Wikipedia defines luck as "that which happens to a person beyond that person's control." There is an assumption about "control" in that definition and I like to refine luck into 2 basic types around the control issue. I like to talk about "dumb luck" (100% by accident), and "smart luck" -- luck where you do have a level of control.
I would argue that when people talk about instances of luck ("wow she is so lucky," "they are so lucky they got financing," "they are so lucky they were able to close that big deal," "he was so lucky his company was acquired," “she is so lucky she was able to double revenue over the last year”) over 50% of the time people are identifying an instance of smart luck. Think about that. If it’s smart luck that people are usually describing, that means that you can control it. And, if that’s the case, just how to you wrestle control over luck and make it happen?
In my mind, making luck happen is composed of 3 deceivingly simple steps:
- Being in the right place,
- at the right time,
- with the right ingredients.
So, I always like to ask myself how am I going to be:
- In the right place,
- at the right time,
- with the right ingredients?
That means I need to define what I want to happen, and how I am going to make it happen. So in my mind I need to figure out what the right place is going to be, what the right time is when I would need to be in “that place,” and what ingredients I would need to have at that time and place for luck to occur.

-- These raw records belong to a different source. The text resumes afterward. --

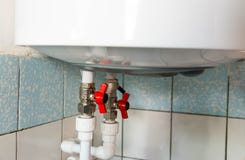 Hot and cold water taps on electric water heating boiler stock images Hot and cold water taps on electric water heating boiler stock images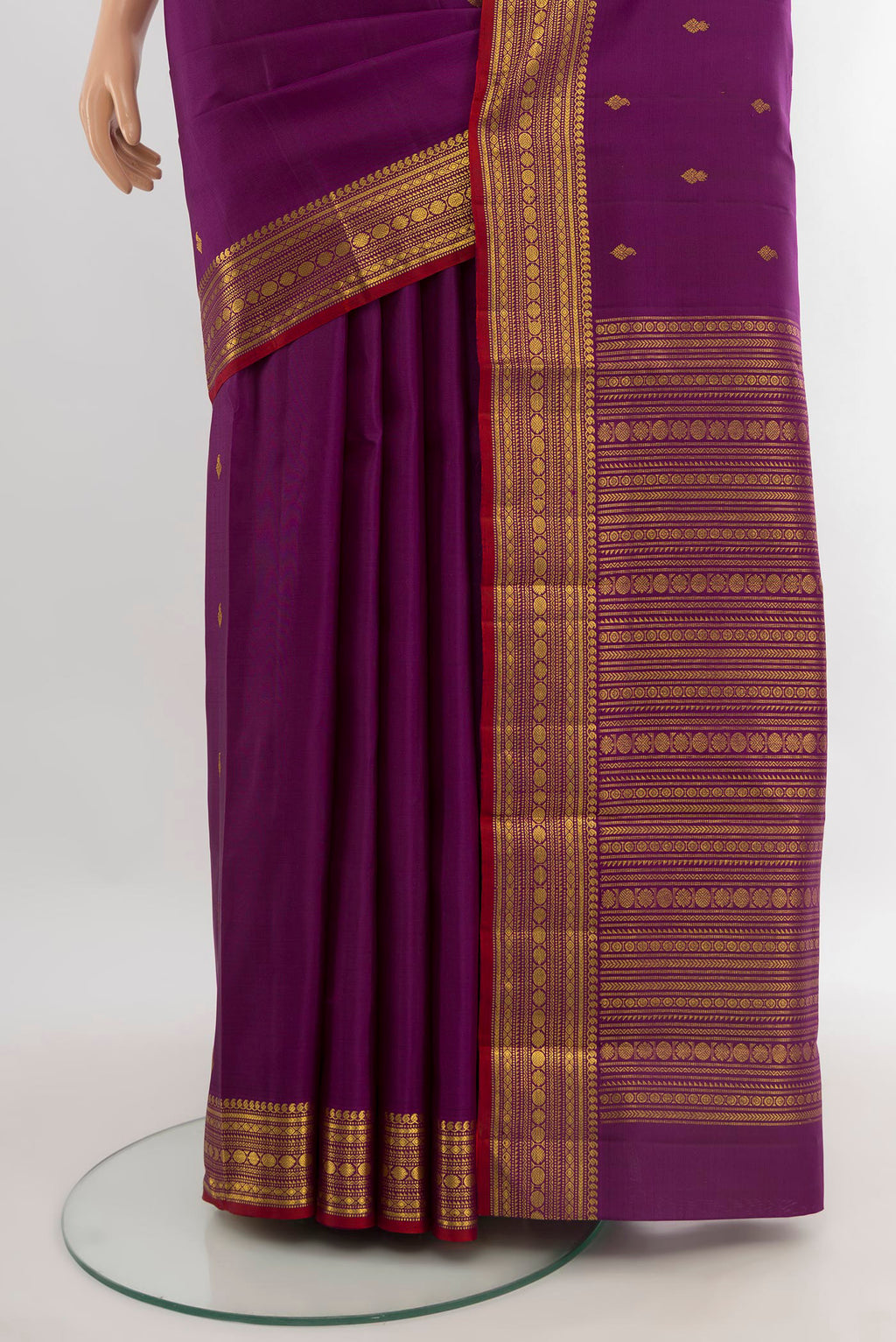 Pleats and pallu of Purple Kanjivaram Silk Saree with Zari Butta on the body and Zari Border. 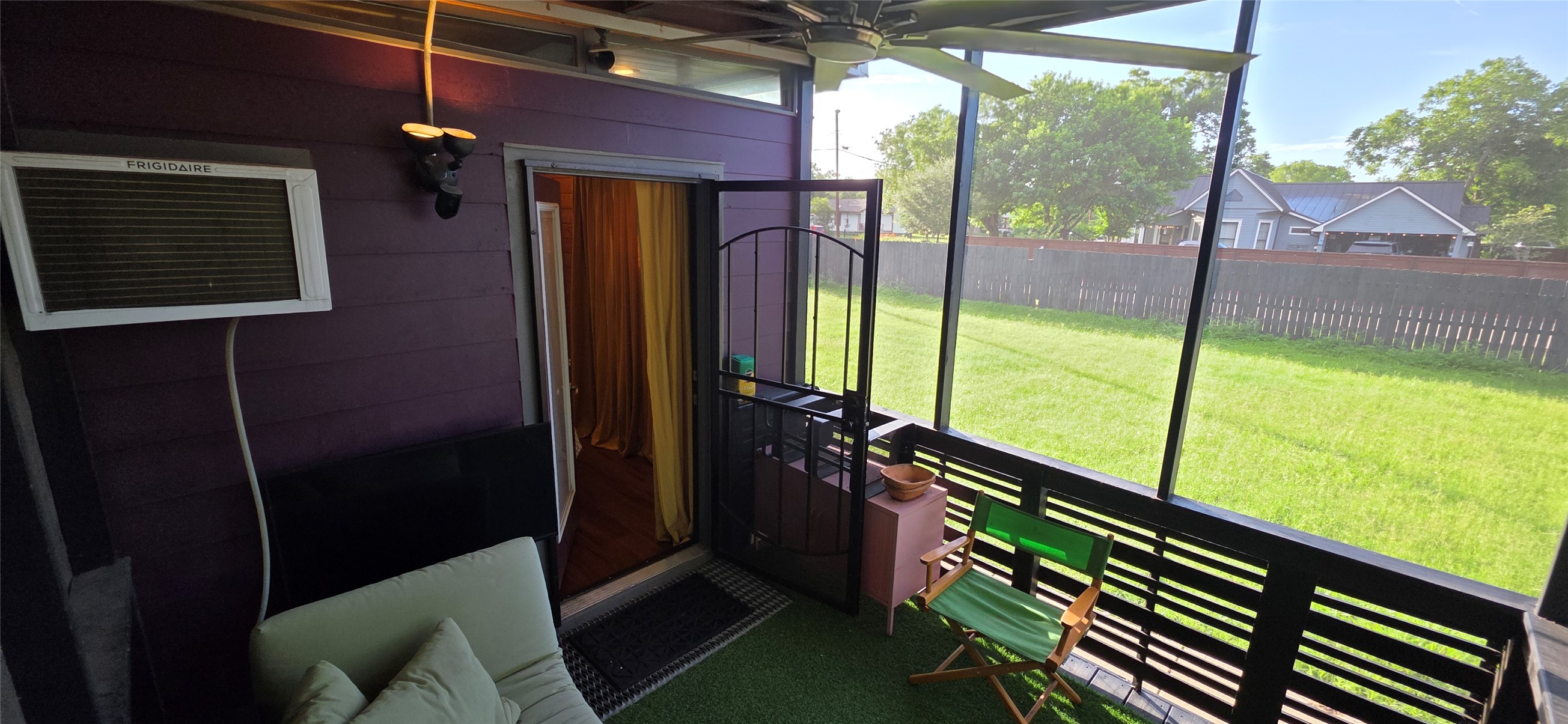 916 South Main Street Lockhart, TX 78644 - Photo 8 of 18 A breezy screened porch offers a tranquil retreat overlooking the well-kept backyard.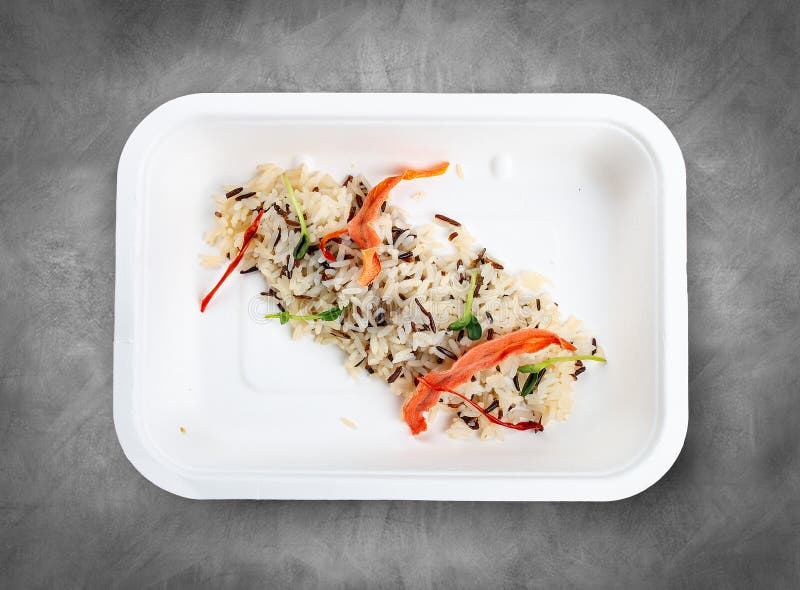 Steamed wild rice. Healthy food. Takeaway food. Top view, on a gray background. Steamed wild rice. Healthy food. Takeaway food. Top view, on a gray background.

Let me give you an example. Recently I was asked to participate on a panel at The Founder Factory in Philadelphia. Seemed to me to be the right place and the right time. When I gave my comments during the panels critiquing the start-ups that were presenting, my comments tended to be very pragmatic and straightforward (the "right ingredients"). It turns out Anthony Bucci, one of the founders of RevZilla Motorsports (an early stage Philadelphia e-commerce company that's a baby version of Zappos but in the motorcycle and motor sports vertical) was sitting in the audience. So, he was in the right place at the right time too. My comments really resonated with him and he practically tackled me afterward to see if I would talk to him about his company to see if I could help. (Anthony -- great tackle!). The company is already rocking and rolling and they have a great team. We'll start working together on a consulting and advisory basis so I can help them build out their company even more quickly and drive some really impressive revenue growth (they already had a great 2008). So, I guess both Anthony and I are both lucky, right? But, we each made luck happen. We were both at the right place, at the right time, with the right ingredients. By the way, what was his great ingredient? He hit me with a GREAT 30 second elevator pitch about his company. He hit me with the right message at the right time in the right place. Smart luck, not dumb luck.
You can make luck happen. Just think about the 3 steps and figure out how to get them to line up. When you do, you’ll have control over "luck" and hopefully you'll be the next example of "Wow was he lucky! Did you hear what happened to him?"